[SUPPLIED INFORMATION — start]
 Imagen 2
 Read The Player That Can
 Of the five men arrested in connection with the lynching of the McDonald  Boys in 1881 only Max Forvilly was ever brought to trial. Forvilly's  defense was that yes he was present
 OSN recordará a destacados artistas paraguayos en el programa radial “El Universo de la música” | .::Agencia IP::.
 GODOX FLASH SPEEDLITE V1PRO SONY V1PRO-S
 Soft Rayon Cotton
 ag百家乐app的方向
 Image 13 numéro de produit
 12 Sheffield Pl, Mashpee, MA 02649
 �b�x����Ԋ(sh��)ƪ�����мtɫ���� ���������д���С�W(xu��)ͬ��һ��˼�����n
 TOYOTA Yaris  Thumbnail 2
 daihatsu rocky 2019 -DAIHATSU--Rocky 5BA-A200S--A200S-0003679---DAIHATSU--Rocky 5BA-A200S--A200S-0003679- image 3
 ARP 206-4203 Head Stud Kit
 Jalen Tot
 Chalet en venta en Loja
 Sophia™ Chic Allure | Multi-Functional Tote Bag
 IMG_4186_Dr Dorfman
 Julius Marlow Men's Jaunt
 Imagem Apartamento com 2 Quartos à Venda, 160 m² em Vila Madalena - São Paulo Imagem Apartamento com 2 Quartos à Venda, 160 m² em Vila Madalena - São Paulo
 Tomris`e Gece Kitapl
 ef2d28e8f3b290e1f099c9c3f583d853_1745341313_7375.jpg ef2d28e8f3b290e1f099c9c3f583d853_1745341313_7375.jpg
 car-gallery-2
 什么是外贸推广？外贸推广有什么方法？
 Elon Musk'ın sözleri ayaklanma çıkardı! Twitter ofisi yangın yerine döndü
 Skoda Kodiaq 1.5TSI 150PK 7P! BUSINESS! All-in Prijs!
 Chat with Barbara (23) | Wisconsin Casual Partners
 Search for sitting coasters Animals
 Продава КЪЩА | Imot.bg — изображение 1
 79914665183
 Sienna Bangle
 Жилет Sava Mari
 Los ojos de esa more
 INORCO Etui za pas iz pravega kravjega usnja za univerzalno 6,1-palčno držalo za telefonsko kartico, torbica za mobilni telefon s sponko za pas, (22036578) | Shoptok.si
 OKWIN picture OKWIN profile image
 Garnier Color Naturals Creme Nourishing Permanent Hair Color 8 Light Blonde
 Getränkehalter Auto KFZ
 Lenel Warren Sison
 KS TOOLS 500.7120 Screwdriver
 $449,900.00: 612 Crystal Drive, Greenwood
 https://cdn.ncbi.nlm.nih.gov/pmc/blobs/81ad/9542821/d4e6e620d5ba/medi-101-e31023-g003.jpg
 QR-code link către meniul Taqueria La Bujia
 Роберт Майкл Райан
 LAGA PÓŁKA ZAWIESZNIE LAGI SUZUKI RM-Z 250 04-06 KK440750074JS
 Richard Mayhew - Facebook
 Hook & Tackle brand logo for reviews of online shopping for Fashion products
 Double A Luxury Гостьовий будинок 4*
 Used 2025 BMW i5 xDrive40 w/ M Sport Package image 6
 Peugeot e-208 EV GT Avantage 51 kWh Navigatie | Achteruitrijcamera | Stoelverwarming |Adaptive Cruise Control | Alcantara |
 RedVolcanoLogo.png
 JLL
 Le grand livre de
[SUPPLIED INFORMATION — finish]
WHAT TO PRODUCE> Set down the records above once more, exactly as given.

ANSWER TO THE EXERCISE>
 Imagen 2
 Read The Player That Can
 Of the five men arrested in connection with the lynching of the McDonald  Boys in 1881 only Max Forvilly was ever brought to trial. Forvilly's  defense was that yes he was present
 OSN recordará a destacados artistas paraguayos en el programa radial “El Universo de la música” | .::Agencia IP::.
 GODOX FLASH SPEEDLITE V1PRO SONY V1PRO-S
 Soft Rayon Cotton
 ag百家乐app的方向
 Image 13 numéro de produit
 12 Sheffield Pl, Mashpee, MA 02649
 �b�x����Ԋ(sh��)ƪ�����мtɫ���� ���������д���С�W(xu��)ͬ��һ��˼�����n
 TOYOTA Yaris  Thumbnail 2
 daihatsu rocky 2019 -DAIHATSU--Rocky 5BA-A200S--A200S-0003679---DAIHATSU--Rocky 5BA-A200S--A200S-0003679- image 3
 ARP 206-4203 Head Stud Kit
 Jalen Tot
 Chalet en venta en Loja
 Sophia™ Chic Allure | Multi-Functional Tote Bag
 IMG_4186_Dr Dorfman
 Julius Marlow Men's Jaunt
 Imagem Apartamento com 2 Quartos à Venda, 160 m² em Vila Madalena - São Paulo Imagem Apartamento com 2 Quartos à Venda, 160 m² em Vila Madalena - São Paulo
 Tomris`e Gece Kitapl
 ef2d28e8f3b290e1f099c9c3f583d853_1745341313_7375.jpg ef2d28e8f3b290e1f099c9c3f583d853_1745341313_7375.jpg
 car-gallery-2
 什么是外贸推广？外贸推广有什么方法？
 Elon Musk'ın sözleri ayaklanma çıkardı! Twitter ofisi yangın yerine döndü
 Skoda Kodiaq 1.5TSI 150PK 7P! BUSINESS! All-in Prijs!
 Chat with Barbara (23) | Wisconsin Casual Partners
 Search for sitting coasters Animals
 Продава КЪЩА | Imot.bg — изображение 1
 79914665183
 Sienna Bangle
 Жилет Sava Mari
 Los ojos de esa more
 INORCO Etui za pas iz pravega kravjega usnja za univerzalno 6,1-palčno držalo za telefonsko kartico, torbica za mobilni telefon s sponko za pas, (22036578) | Shoptok.si
 OKWIN picture OKWIN profile image
 Garnier Color Naturals Creme Nourishing Permanent Hair Color 8 Light Blonde
 Getränkehalter Auto KFZ
 Lenel Warren Sison
 KS TOOLS 500.7120 Screwdriver
 $449,900.00: 612 Crystal Drive, Greenwood
 https://cdn.ncbi.nlm.nih.gov/pmc/blobs/81ad/9542821/d4e6e620d5ba/medi-101-e31023-g003.jpg
 QR-code link către meniul Taqueria La Bujia
 Роберт Майкл Райан
 LAGA PÓŁKA ZAWIESZNIE LAGI SUZUKI RM-Z 250 04-06 KK440750074JS
 Richard Mayhew - Facebook
 Hook & Tackle brand logo for reviews of online shopping for Fashion products
 Double A Luxury Гостьовий будинок 4*
 Used 2025 BMW i5 xDrive40 w/ M Sport Package image 6
 Peugeot e-208 EV GT Avantage 51 kWh Navigatie | Achteruitrijcamera | Stoelverwarming |Adaptive Cruise Control | Alcantara |
 RedVolcanoLogo.png
 JLL
 Le grand livre de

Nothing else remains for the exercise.